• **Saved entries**

....................

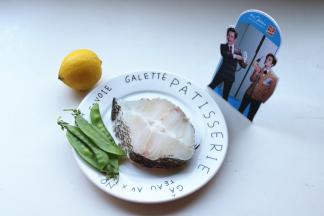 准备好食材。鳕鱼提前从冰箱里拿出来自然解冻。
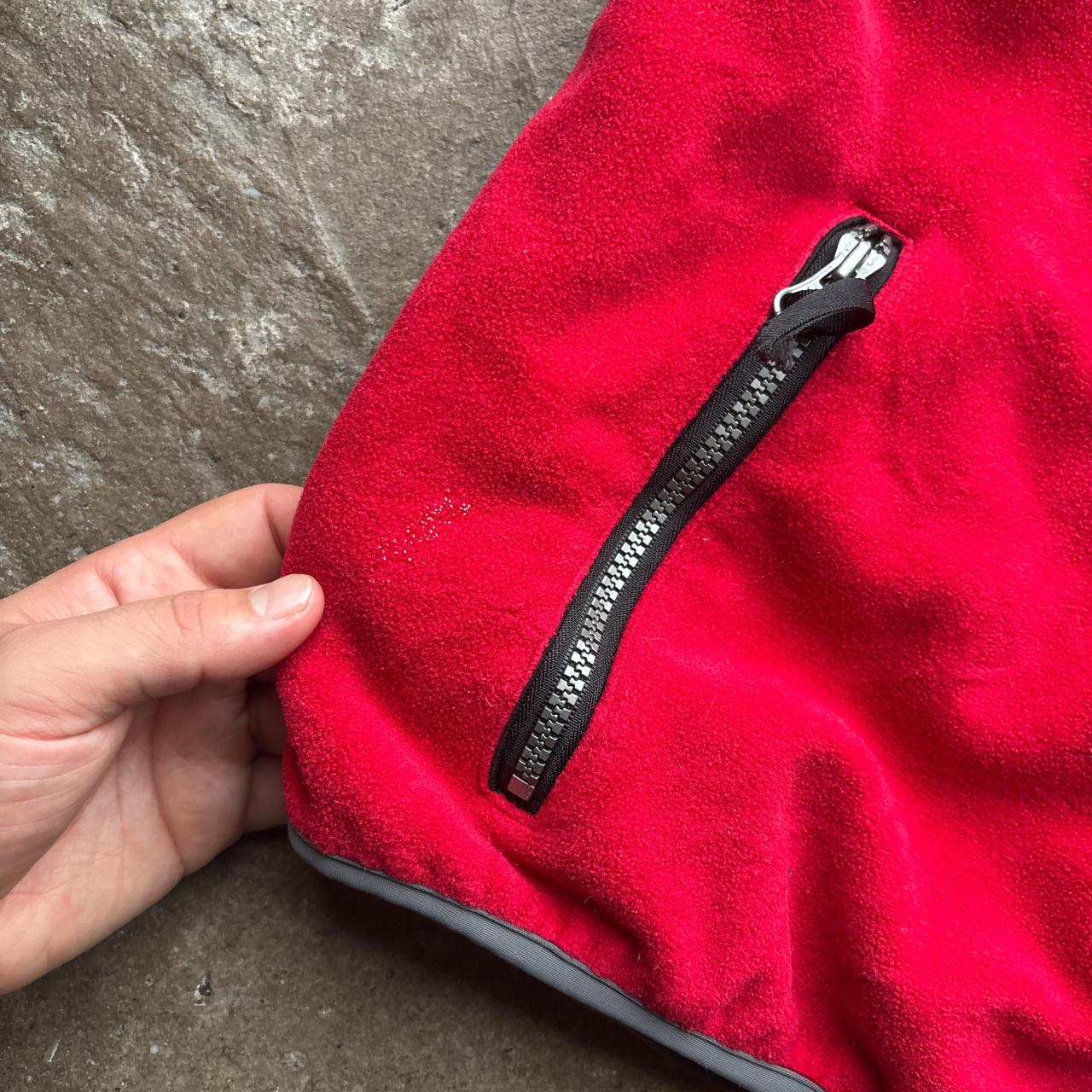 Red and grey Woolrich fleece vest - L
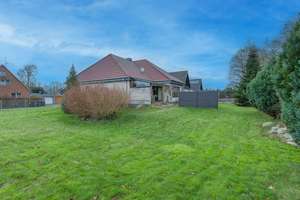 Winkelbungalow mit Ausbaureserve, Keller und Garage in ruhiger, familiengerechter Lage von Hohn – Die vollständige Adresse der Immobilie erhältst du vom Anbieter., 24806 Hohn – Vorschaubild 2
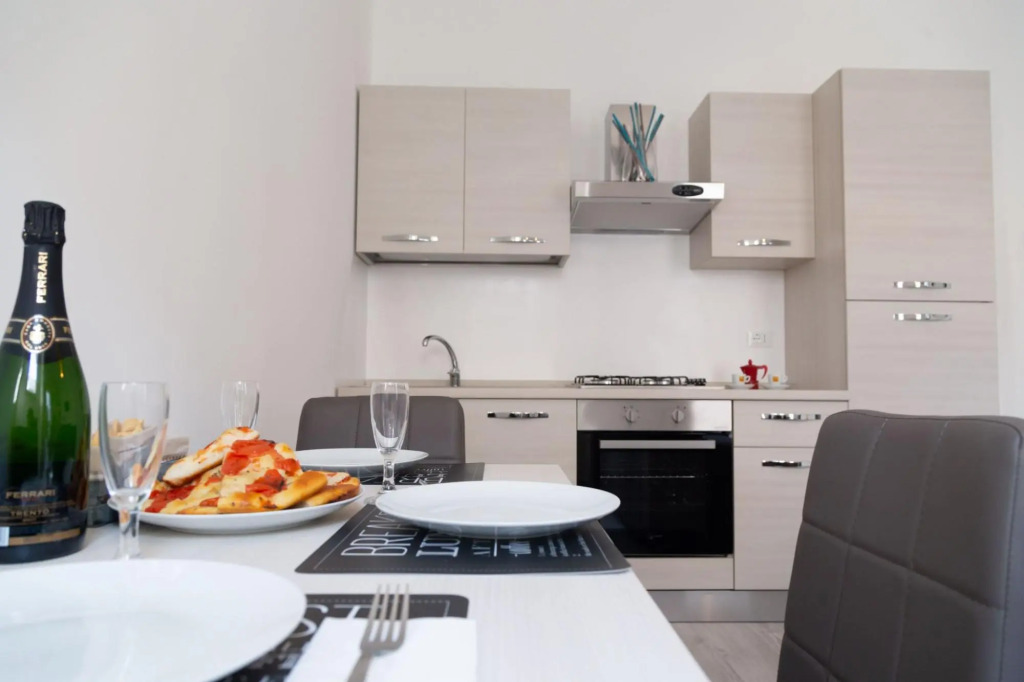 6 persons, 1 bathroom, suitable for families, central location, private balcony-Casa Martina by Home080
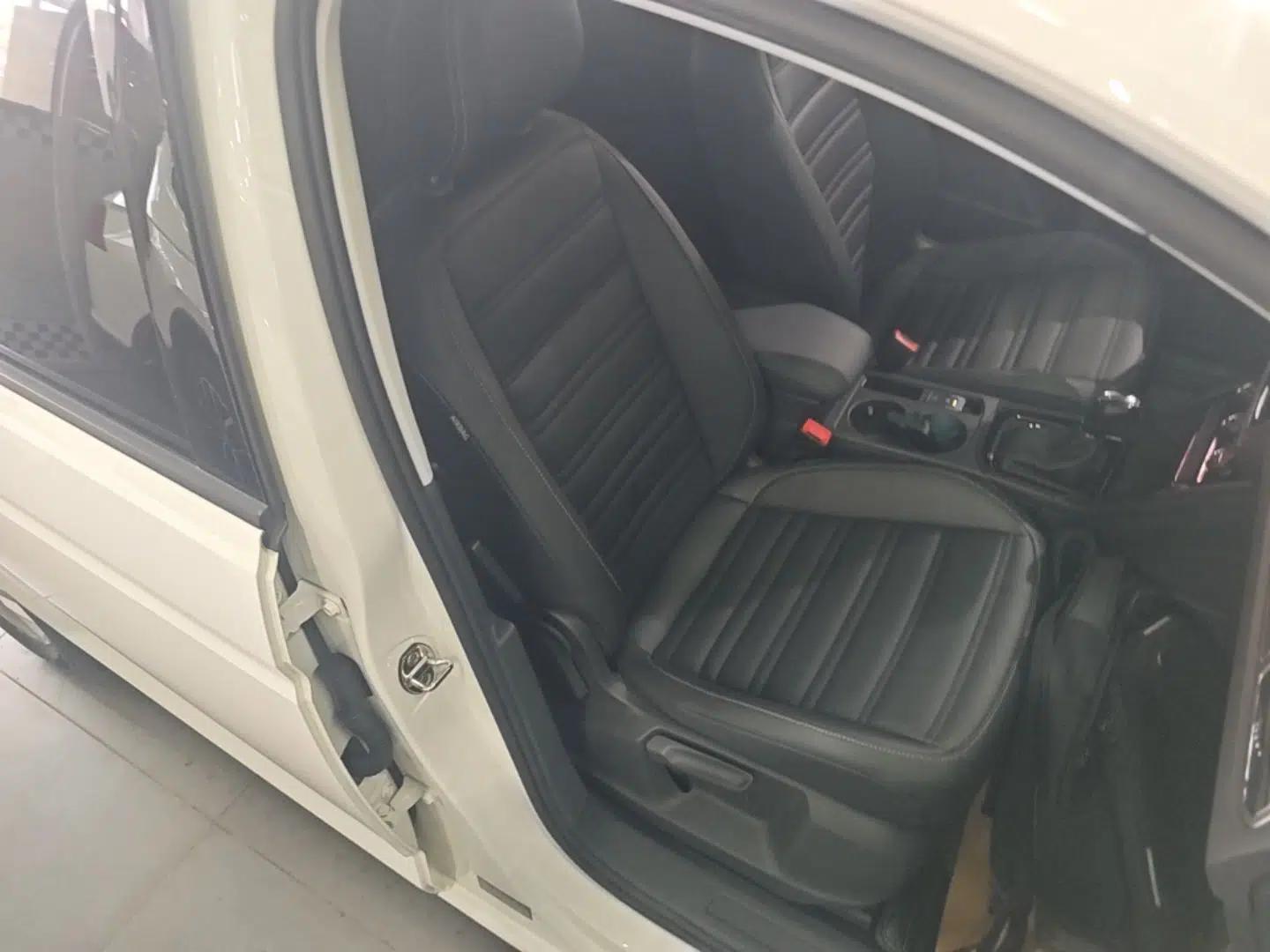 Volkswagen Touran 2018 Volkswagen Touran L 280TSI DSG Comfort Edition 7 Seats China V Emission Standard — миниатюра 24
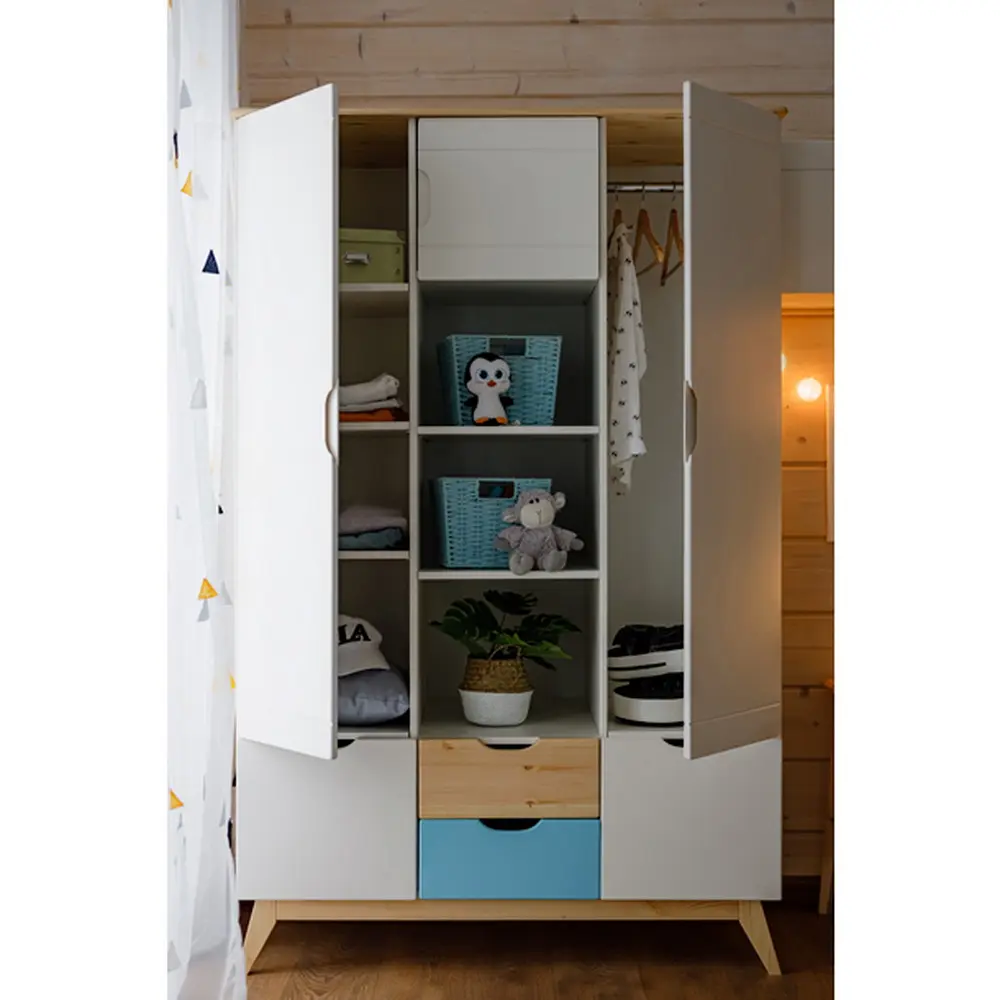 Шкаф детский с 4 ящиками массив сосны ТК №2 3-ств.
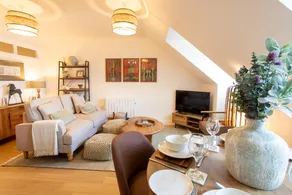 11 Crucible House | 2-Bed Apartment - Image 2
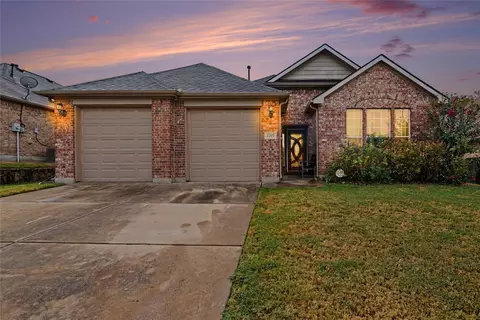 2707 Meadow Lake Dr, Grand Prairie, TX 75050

....................

• **WHAT YOU NEED TO DO**
Transcribe every line in the entries above, taking out only the images.

• **RESPONSE BOX**
 准备好食材。鳕鱼提前从冰箱里拿出来自然解冻。
 Red and grey Woolrich fleece vest - L
 Winkelbungalow mit Ausbaureserve, Keller und Garage in ruhiger, familiengerechter Lage von Hohn – Die vollständige Adresse der Immobilie erhältst du vom Anbieter., 24806 Hohn – Vorschaubild 2
 6 persons, 1 bathroom, suitable for families, central location, private balcony-Casa Martina by Home080
 Volkswagen Touran 2018 Volkswagen Touran L 280TSI DSG Comfort Edition 7 Seats China V Emission Standard — миниатюра 24
 Шкаф детский с 4 ящиками массив сосны ТК №2 3-ств.
 11 Crucible House | 2-Bed Apartment - Image 2
 2707 Meadow Lake Dr, Grand Prairie, TX 75050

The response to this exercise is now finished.